Éramos quatro amigos inseparáveis: Gegê(Geraldo), Cacá(Carlos), Pepê(Pedro) e eu, Janinho(Jânio). Nascemos no mesmo ano e desde que eu me entendo por gente, meus três amigos sempre fizeram parte da minha vida. Ficamos conhecidos na pequena cidade praiana onde morávamos como os quatro mosqueteiros ou para alguns os quatro pestinhas. Nós aprontavamos muito, tenho que admitir. Onde um estava os outros também estavam. A frase "mexeu com um, mexeu com todos" com certeza foi inventada por nós. Éramos irmãos de coração, por opção.
          Aos 50 anos senti  a necessidade de passar a vida a limpo, falar sobre o passado e um amigo deu-me um conselho: Cara, você é um escritor. Escreva um livro sobre a sua história com seus amigos, conte sua versão, o que você sentiu e o que sente hoje. Desabafe. Após esse conselho, lembranças que estavam adormecidas vieram a tona: Lembranças doces, lembranças amargas, sonhos que se realizaram, sonhos que nunca se realizaram, promessas não cumpridas e meu sentimento de culpa.

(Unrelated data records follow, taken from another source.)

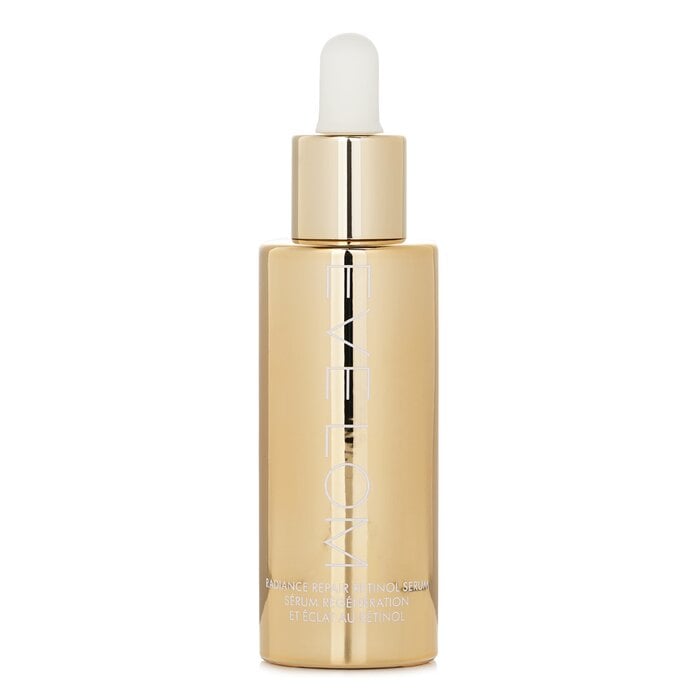 Radiance Repair Retinol Serum 30ml/1oz by Eve Lom - Image 1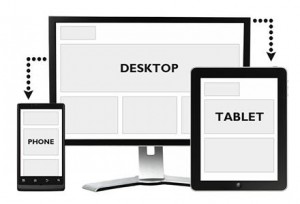 Responsive Design Tester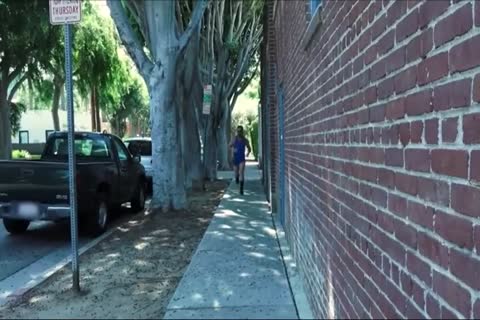 daddy Son 054 Yake01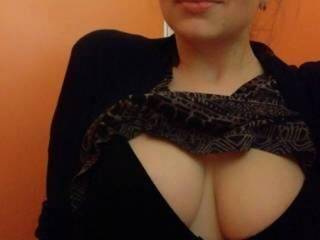 Erotyczny czat wideo ellenshow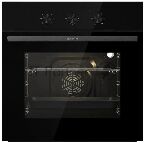 ������� ���� ������������� Gorenje BO6725E02NBG ������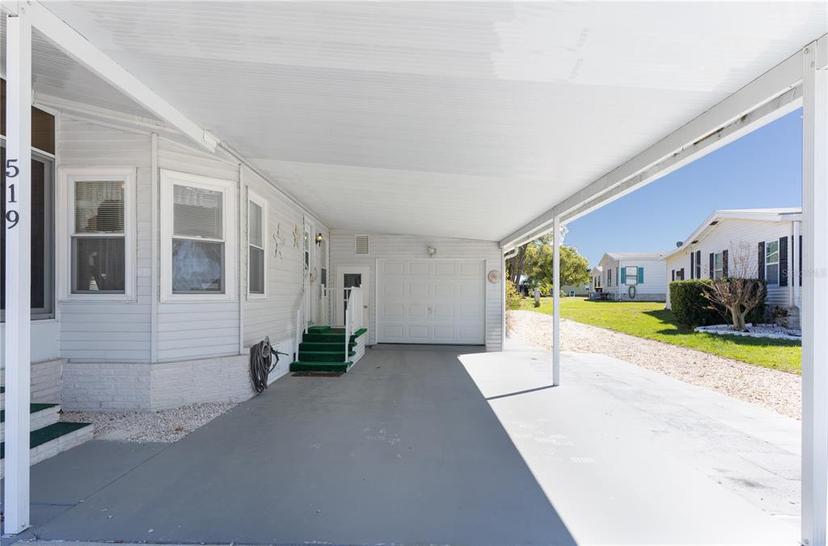 Picture of 519 Tivoli Park Drive, Davenport FL 33897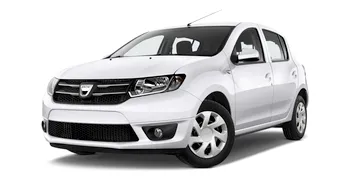 Dacia-Sandero-2012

          Escrever o livro foi difícil e muitas vezes tive que parar porque estava chorando, mas meu amigo estava certo: Desabafar me fez bem. Lembranças dos passeios de bicicleta, hora do recreio, brincadeiras na praia, pescarias, festas de aniversários, participação na procissão de Santo Antonio, festas juninas, carnaval, pique - esconde, primeiro beijo, primeiro amor, primeira transa. Nós nos protegiámos e mesmo que fossemos torturados, um não entregava o outro. Sou filho único e nunca senti falta de ter um irmão.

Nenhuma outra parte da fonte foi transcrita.